REQUIRED WORK:
The material below contains a line with "Tuje thuje Szmaragd OKAZJA" and a line with "Enlarge Raven, bonded". Copy exactly those two lines and all lines between them.

DATA TO USE:

⟨

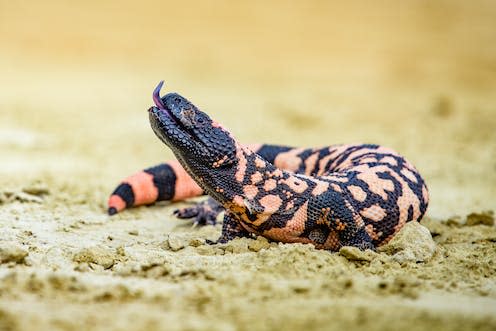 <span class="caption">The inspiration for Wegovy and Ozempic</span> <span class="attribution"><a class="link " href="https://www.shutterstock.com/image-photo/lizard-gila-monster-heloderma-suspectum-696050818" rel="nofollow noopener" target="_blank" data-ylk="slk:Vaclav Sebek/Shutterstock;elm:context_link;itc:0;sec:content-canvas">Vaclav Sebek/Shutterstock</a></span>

⟩
⟨

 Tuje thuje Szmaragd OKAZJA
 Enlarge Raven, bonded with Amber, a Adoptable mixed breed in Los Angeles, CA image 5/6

⟩

ANSWER FOR THIS EXERCISE:
 Tuje thuje Szmaragd OKAZJA
 Enlarge Raven, bonded with Amber, a Adoptable mixed breed in Los Angeles, CA image 5/6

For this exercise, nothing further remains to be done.